▶ **Problem to solve**:
Take the data that sits below and write it out again exactly.

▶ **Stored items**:
------------------------------------------------------------

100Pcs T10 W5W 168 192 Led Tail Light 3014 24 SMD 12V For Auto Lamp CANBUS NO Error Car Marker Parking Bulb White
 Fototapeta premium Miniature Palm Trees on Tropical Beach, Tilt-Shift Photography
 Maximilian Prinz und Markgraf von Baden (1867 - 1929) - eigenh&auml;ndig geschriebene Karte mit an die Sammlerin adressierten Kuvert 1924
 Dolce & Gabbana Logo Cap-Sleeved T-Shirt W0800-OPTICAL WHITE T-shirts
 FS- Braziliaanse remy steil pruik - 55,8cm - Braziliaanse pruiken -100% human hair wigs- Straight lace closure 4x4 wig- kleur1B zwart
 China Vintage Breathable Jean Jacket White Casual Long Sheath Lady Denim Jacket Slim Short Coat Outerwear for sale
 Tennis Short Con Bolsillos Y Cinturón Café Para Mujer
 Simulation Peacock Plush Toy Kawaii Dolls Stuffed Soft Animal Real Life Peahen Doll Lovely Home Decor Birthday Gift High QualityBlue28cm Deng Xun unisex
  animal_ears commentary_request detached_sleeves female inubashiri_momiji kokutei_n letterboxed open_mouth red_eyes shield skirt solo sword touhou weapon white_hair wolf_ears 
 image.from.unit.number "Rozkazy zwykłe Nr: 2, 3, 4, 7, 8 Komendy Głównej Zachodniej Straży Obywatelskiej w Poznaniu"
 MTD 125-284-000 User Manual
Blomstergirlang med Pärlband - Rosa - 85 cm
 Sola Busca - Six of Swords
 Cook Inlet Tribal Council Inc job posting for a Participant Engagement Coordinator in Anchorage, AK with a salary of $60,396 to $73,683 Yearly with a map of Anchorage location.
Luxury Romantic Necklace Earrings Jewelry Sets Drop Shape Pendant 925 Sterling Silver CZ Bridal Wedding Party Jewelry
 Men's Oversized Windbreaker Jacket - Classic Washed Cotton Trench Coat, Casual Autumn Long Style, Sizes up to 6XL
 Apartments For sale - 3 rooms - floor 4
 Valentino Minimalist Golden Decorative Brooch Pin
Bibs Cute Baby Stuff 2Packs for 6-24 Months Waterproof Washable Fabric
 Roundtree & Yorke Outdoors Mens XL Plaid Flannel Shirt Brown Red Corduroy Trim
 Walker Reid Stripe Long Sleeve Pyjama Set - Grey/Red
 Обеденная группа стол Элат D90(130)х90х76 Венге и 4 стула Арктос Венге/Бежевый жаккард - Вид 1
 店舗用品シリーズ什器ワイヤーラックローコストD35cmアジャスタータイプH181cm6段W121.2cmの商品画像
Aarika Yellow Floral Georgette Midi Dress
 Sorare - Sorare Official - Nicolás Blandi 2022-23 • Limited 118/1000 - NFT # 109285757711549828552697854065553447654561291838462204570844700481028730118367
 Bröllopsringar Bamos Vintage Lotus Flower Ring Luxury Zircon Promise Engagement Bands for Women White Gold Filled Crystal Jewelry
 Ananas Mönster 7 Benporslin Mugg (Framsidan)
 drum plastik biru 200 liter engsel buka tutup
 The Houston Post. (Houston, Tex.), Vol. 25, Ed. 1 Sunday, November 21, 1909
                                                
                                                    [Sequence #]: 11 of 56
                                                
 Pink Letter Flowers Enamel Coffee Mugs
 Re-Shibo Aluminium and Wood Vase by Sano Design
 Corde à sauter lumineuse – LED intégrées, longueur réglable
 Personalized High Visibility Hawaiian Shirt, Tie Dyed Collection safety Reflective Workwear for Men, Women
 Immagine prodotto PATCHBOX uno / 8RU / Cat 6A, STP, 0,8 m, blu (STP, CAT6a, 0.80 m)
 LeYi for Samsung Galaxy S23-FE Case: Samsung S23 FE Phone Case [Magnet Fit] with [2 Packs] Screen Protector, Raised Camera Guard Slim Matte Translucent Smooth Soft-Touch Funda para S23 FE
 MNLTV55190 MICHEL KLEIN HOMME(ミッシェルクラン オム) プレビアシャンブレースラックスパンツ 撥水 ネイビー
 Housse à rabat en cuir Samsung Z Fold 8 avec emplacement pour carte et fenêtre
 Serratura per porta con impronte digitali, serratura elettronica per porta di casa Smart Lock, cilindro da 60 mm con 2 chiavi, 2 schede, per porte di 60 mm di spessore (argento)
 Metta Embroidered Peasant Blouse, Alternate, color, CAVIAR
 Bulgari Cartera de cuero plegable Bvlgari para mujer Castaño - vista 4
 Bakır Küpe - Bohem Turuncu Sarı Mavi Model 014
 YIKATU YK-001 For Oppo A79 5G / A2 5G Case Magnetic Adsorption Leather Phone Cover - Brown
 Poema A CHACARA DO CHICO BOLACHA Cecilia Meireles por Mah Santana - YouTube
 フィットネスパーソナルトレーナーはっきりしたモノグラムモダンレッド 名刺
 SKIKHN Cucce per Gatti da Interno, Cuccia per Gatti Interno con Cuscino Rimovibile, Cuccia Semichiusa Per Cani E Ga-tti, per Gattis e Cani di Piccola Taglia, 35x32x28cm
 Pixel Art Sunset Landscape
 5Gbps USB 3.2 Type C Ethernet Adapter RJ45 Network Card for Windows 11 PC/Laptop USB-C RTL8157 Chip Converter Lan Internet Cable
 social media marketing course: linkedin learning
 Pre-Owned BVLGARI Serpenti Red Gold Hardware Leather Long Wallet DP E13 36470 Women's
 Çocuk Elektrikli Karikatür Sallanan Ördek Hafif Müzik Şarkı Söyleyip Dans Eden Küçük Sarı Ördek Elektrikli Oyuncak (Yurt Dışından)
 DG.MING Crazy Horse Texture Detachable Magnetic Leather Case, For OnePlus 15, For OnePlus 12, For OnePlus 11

------------------------------------------------------------

▶ **Solution to this task**:
100Pcs T10 W5W 168 192 Led Tail Light 3014 24 SMD 12V For Auto Lamp CANBUS NO Error Car Marker Parking Bulb White
 Fototapeta premium Miniature Palm Trees on Tropical Beach, Tilt-Shift Photography
 Maximilian Prinz und Markgraf von Baden (1867 - 1929) - eigenh&auml;ndig geschriebene Karte mit an die Sammlerin adressierten Kuvert 1924
 Dolce & Gabbana Logo Cap-Sleeved T-Shirt W0800-OPTICAL WHITE T-shirts
 FS- Braziliaanse remy steil pruik - 55,8cm - Braziliaanse pruiken -100% human hair wigs- Straight lace closure 4x4 wig- kleur1B zwart
 China Vintage Breathable Jean Jacket White Casual Long Sheath Lady Denim Jacket Slim Short Coat Outerwear for sale
 Tennis Short Con Bolsillos Y Cinturón Café Para Mujer
 Simulation Peacock Plush Toy Kawaii Dolls Stuffed Soft Animal Real Life Peahen Doll Lovely Home Decor Birthday Gift High QualityBlue28cm Deng Xun unisex
  animal_ears commentary_request detached_sleeves female inubashiri_momiji kokutei_n letterboxed open_mouth red_eyes shield skirt solo sword touhou weapon white_hair wolf_ears 
 image.from.unit.number "Rozkazy zwykłe Nr: 2, 3, 4, 7, 8 Komendy Głównej Zachodniej Straży Obywatelskiej w Poznaniu"
 MTD 125-284-000 User Manual
Blomstergirlang med Pärlband - Rosa - 85 cm
 Sola Busca - Six of Swords
 Cook Inlet Tribal Council Inc job posting for a Participant Engagement Coordinator in Anchorage, AK with a salary of $60,396 to $73,683 Yearly with a map of Anchorage location.
Luxury Romantic Necklace Earrings Jewelry Sets Drop Shape Pendant 925 Sterling Silver CZ Bridal Wedding Party Jewelry
 Men's Oversized Windbreaker Jacket - Classic Washed Cotton Trench Coat, Casual Autumn Long Style, Sizes up to 6XL
 Apartments For sale - 3 rooms - floor 4
 Valentino Minimalist Golden Decorative Brooch Pin
Bibs Cute Baby Stuff 2Packs for 6-24 Months Waterproof Washable Fabric
 Roundtree & Yorke Outdoors Mens XL Plaid Flannel Shirt Brown Red Corduroy Trim
 Walker Reid Stripe Long Sleeve Pyjama Set - Grey/Red
 Обеденная группа стол Элат D90(130)х90х76 Венге и 4 стула Арктос Венге/Бежевый жаккард - Вид 1
 店舗用品シリーズ什器ワイヤーラックローコストD35cmアジャスタータイプH181cm6段W121.2cmの商品画像
Aarika Yellow Floral Georgette Midi Dress
 Sorare - Sorare Official - Nicolás Blandi 2022-23 • Limited 118/1000 - NFT # 109285757711549828552697854065553447654561291838462204570844700481028730118367
 Bröllopsringar Bamos Vintage Lotus Flower Ring Luxury Zircon Promise Engagement Bands for Women White Gold Filled Crystal Jewelry
 Ananas Mönster 7 Benporslin Mugg (Framsidan)
 drum plastik biru 200 liter engsel buka tutup
 The Houston Post. (Houston, Tex.), Vol. 25, Ed. 1 Sunday, November 21, 1909
                                                
                                                    [Sequence #]: 11 of 56
                                                
 Pink Letter Flowers Enamel Coffee Mugs
 Re-Shibo Aluminium and Wood Vase by Sano Design
 Corde à sauter lumineuse – LED intégrées, longueur réglable
 Personalized High Visibility Hawaiian Shirt, Tie Dyed Collection safety Reflective Workwear for Men, Women
 Immagine prodotto PATCHBOX uno / 8RU / Cat 6A, STP, 0,8 m, blu (STP, CAT6a, 0.80 m)
 LeYi for Samsung Galaxy S23-FE Case: Samsung S23 FE Phone Case [Magnet Fit] with [2 Packs] Screen Protector, Raised Camera Guard Slim Matte Translucent Smooth Soft-Touch Funda para S23 FE
 MNLTV55190 MICHEL KLEIN HOMME(ミッシェルクラン オム) プレビアシャンブレースラックスパンツ 撥水 ネイビー
 Housse à rabat en cuir Samsung Z Fold 8 avec emplacement pour carte et fenêtre
 Serratura per porta con impronte digitali, serratura elettronica per porta di casa Smart Lock, cilindro da 60 mm con 2 chiavi, 2 schede, per porte di 60 mm di spessore (argento)
 Metta Embroidered Peasant Blouse, Alternate, color, CAVIAR
 Bulgari Cartera de cuero plegable Bvlgari para mujer Castaño - vista 4
 Bakır Küpe - Bohem Turuncu Sarı Mavi Model 014
 YIKATU YK-001 For Oppo A79 5G / A2 5G Case Magnetic Adsorption Leather Phone Cover - Brown
 Poema A CHACARA DO CHICO BOLACHA Cecilia Meireles por Mah Santana - YouTube
 フィットネスパーソナルトレーナーはっきりしたモノグラムモダンレッド 名刺
 SKIKHN Cucce per Gatti da Interno, Cuccia per Gatti Interno con Cuscino Rimovibile, Cuccia Semichiusa Per Cani E Ga-tti, per Gattis e Cani di Piccola Taglia, 35x32x28cm
 Pixel Art Sunset Landscape
 5Gbps USB 3.2 Type C Ethernet Adapter RJ45 Network Card for Windows 11 PC/Laptop USB-C RTL8157 Chip Converter Lan Internet Cable
 social media marketing course: linkedin learning
 Pre-Owned BVLGARI Serpenti Red Gold Hardware Leather Long Wallet DP E13 36470 Women's
 Çocuk Elektrikli Karikatür Sallanan Ördek Hafif Müzik Şarkı Söyleyip Dans Eden Küçük Sarı Ördek Elektrikli Oyuncak (Yurt Dışından)
 DG.MING Crazy Horse Texture Detachable Magnetic Leather Case, For OnePlus 15, For OnePlus 12, For OnePlus 11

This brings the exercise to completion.